None of the patients in our study received any parenteral second or third antimicrobial doses intraoperatively, as the duration of the surgery did not exceed the recommended duration. Usually, a single dose of the antimicrobial is found to be sufficient if the duration of the surgery is four hours or less or if there is no substantial blood loss during the surgery [20,10].
Very similar to most of the previous studies, the main parameter of concern which was noted in our study was the prolonged duration of the antibiotic prophylaxis [7, 9, 12, 22]. Overall, only 10 (3.9%) patients in our study received the antimicrobials for less than 36 hours, inspite of the published guidelines which had recommended discontinuation of the prophylaxis within 24-48 hours [17]. A prolonged antimicrobial administration can also be harmful to the patients, as it promotes antimicrobial-resistant bacteria and increases the incidence of the antibiotic associated complications [17].
About half of the patients were also prescribed topical antimicrobials like fusidic acid and povidone iodine alone and as a combination with topical metronidazole. The use of topical antimicrobials as prophylaxis is not evidence-based.
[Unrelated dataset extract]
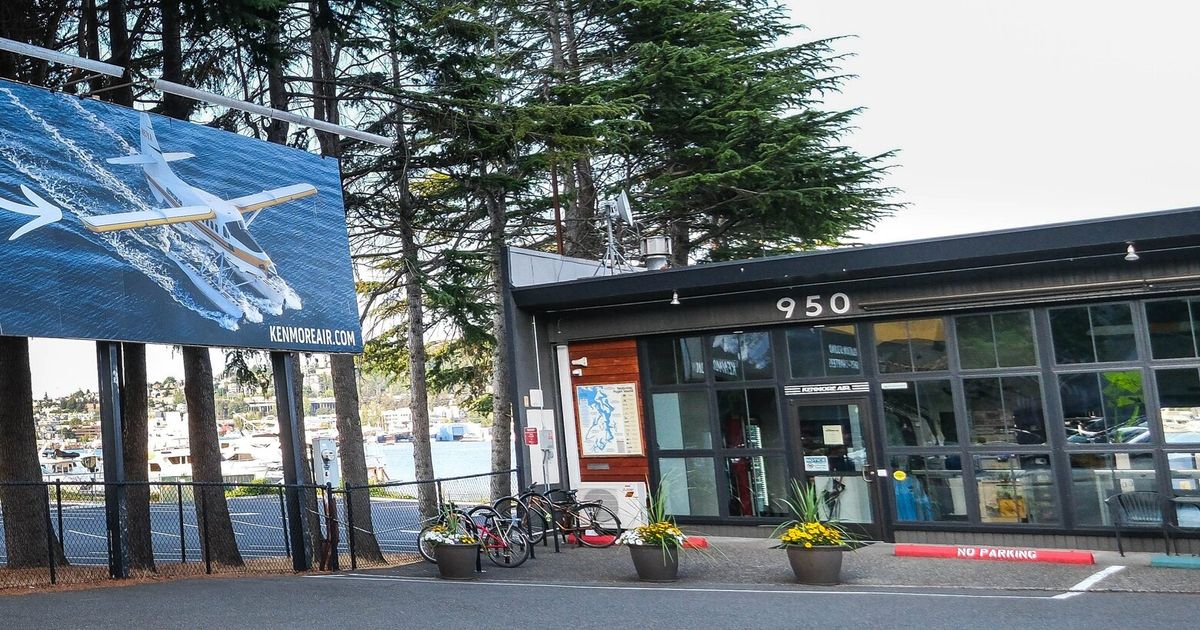 Kenmore Air cancels all Friday flights following crash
A recent prospective trial which examined the use of topical fusidic acid in addition to the routine systemic antibiotics which were applied immediately after the surgical closure in the patients who underwent emergency caesarean sections, found a decrease in the SSIs from 17.1% 673-2.8% (P¼0.046) through a topical antibiotic use. However, this was a small trial (only 70 patients in total) with a high baseline rate of SSIs in the control patients [23]. The broad-spectrum ointments provide occlusion and they may increase the epithelialization while the wound heals, but they offer only little benefit to the already epithelialized wounds [1].
All the above findings suggested that the antimicrobial prophylaxis was clearly overused in our study, which was similar to the findings of several earlier studies which had reported an overuse and/or misuse of the preoperative antimicrobials in different countries [12]. Various measures like the development of local hospital guidelines, surveillance on SSIs, educational interventions, hospital antibiotic policy, promoting good surgical techniques and strict asepsis in the operating theatre, are suggested to prevent the emergence of multiresistant organisms [14]. The local antibiograms with organism-specific susceptibility data should be updated at least yearly, to facilitate and optimize the expert-based recommendations for the empirical therapy [6]. Complete documentations and clear entries in the medical case records should be encouraged and ensured to assist the future studies. Our study has several limitations. Our findings were restricted to the information which was available in the medical records, the data on the postoperative infections was limited and the information on the post discharge complications was not available, thereby limiting our ability in comparing the incidence of SSIs with the data which have been reported elsewhere.
However, the findings from this baseline study represent the first step among a number of interventions which have been designed to improve the antimicrobial prescribing in our institution.
CONCLUSIONS
The current practice of the surgical antimicrobial prophylaxis in our hospital seems to be reasonable and comparable to the standard guidelines, with regards to the timing of administration and the intraoperative redosing. The use of third generation cephalosporins and the unnecessary extended duration of the prophylaxis remains the main concern of our study. As a follow up to this survey, a prospective observational study may be under taken to find out the effect of the prevalent pattern of the surgical prophylaxis on the occurrence of post operative wound infections. An initiative for establishing an hospital antimicrobial policy and antimicrobial prescribing guidelines, in collaboration with the prescribers, should be undertaken.